---------- Input data ----------

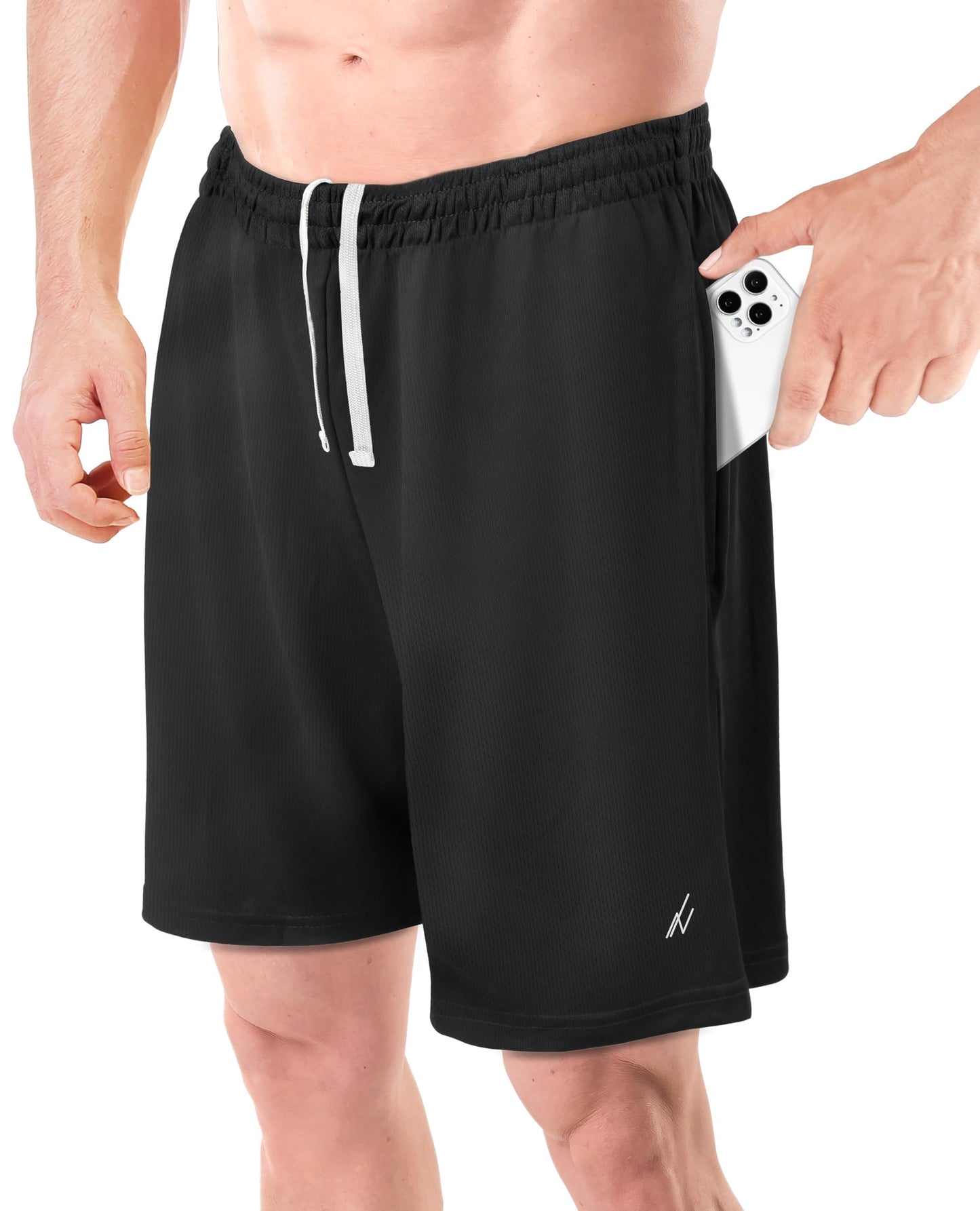 NY Threads Men's Athletic Shorts Quick Dry Loose-Fit Lightweight Running Workout Gym Shorts with Pockets, Medium, Black NY Threads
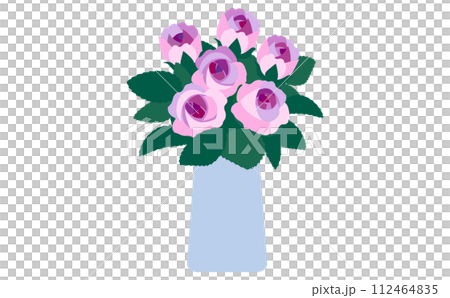 purple roses in a vase 112464835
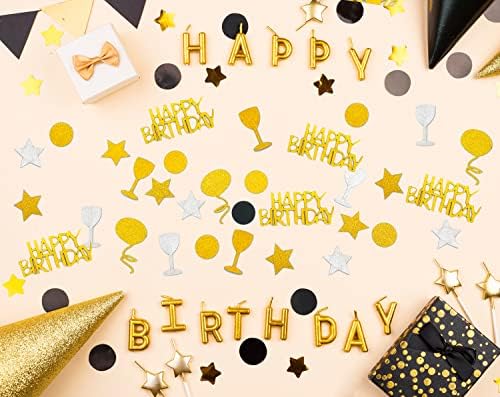 300 חתיכות נצנצים זהב זהב מסיבת יום הולדת שמח קונפטי עוגת יום הולדת עוגת יום הולדת קונפטי נצנצים בלון יין כוכב כוכב עגול שולחן נקודה קונפטי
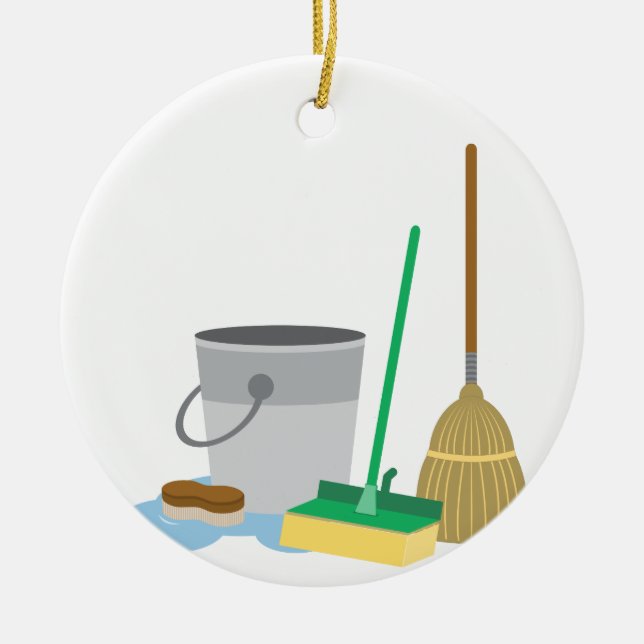 Ornamento De Cerâmica Suprimentos de limpeza (Frente)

----------

■ Work order ■
As you output the material, omit the pictures but alter nothing else.

■ Answer box ■
 NY Threads Men's Athletic Shorts Quick Dry Loose-Fit Lightweight Running Workout Gym Shorts with Pockets, Medium, Black NY Threads
 purple roses in a vase 112464835
 300 חתיכות נצנצים זהב זהב מסיבת יום הולדת שמח קונפטי עוגת יום הולדת עוגת יום הולדת קונפטי נצנצים בלון יין כוכב כוכב עגול שולחן נקודה קונפטי
 Ornamento De Cerâmica Suprimentos de limpeza (Frente)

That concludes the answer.